134 Mugar Hall, Department of Biology, Northeastern University, 360 Huntington Ave., Boston, MA 02115, USA.
Appl Environ Microbiol. 2010 Apr;76(8):2445-50. doi: 10.1128/AEM.01754-09. Epub 2010 Feb 19.
One of the oldest unresolved microbiological phenomena is why only a small fraction of the diverse microbiological population grows on artificial media. The "uncultivable" microbial majority arguably represents our planet's largest unexplored pool of biological and chemical novelty. Previously we showed that species from this pool could be grown inside diffusion chambers incubated in situ, likely because diffusion provides microorganisms with their naturally occurring growth factors. Here we utilize this approach and develop a novel high-throughput platform for parallel cultivation and isolation of previously uncultivated microbial species from a variety of environments. We have designed and tested an isolation chip (ichip) composed of several hundred miniature diffusion chambers, each inoculated with a single environmental cell. We show that microbial recovery in the ichip exceeds manyfold that afforded by standard cultivation, and the grown species are of significant phylogenetic novelty. The new method allows access to a large and diverse array of previously inaccessible microorganisms and is well suited for both fundamental and applied research.

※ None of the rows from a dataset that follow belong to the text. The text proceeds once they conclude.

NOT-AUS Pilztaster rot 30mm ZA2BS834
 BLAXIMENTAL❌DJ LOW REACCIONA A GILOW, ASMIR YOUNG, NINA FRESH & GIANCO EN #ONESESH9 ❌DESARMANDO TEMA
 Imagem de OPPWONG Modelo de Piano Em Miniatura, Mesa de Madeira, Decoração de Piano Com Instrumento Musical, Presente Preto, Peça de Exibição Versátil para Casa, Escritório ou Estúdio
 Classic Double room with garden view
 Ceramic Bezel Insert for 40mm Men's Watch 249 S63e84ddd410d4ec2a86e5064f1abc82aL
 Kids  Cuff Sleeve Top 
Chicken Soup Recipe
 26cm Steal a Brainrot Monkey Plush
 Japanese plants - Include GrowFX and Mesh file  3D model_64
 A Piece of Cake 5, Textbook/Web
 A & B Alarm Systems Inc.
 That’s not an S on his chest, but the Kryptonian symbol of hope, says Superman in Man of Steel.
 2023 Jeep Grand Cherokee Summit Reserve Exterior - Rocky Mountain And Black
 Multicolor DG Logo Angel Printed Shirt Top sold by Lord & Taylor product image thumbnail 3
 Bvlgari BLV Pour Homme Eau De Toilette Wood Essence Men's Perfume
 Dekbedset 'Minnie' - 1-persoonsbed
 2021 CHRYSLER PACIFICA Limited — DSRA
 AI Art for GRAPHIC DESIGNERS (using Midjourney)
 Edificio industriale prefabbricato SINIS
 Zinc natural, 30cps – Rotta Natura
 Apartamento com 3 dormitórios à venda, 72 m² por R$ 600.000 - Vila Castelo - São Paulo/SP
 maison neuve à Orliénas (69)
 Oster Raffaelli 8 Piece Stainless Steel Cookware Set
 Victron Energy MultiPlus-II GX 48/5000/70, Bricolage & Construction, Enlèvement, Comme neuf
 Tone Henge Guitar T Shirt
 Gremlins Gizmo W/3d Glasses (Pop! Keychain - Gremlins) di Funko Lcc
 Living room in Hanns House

一个最古老的未解决的微生物学现象是,为什么只有一小部分多样化的微生物群体在人工培养基上生长。可以说,“不可培养的”微生物大部分代表了我们星球上最大的未开发的生物和化学新颖性的宝库。此前我们表明,来自该库的物种可以在原位孵育的扩散室中生长,这可能是因为扩散为微生物提供了其自然存在的生长因子。在这里,我们利用这种方法,并开发了一种新颖的高通量平台,用于从各种环境中平行培养和分离以前未培养的微生物物种。我们设计并测试了一种由几百个微型扩散室组成的分离芯片(ichip),每个扩散室中接种有一个单一的环境细胞。我们表明,ichip 中的微生物回收量是标准培养的数倍以上,并且生长的物种具有显著的系统发育新颖性。新方法可以接触到大量以前无法接触到的多样化微生物,非常适合基础研究和应用研究。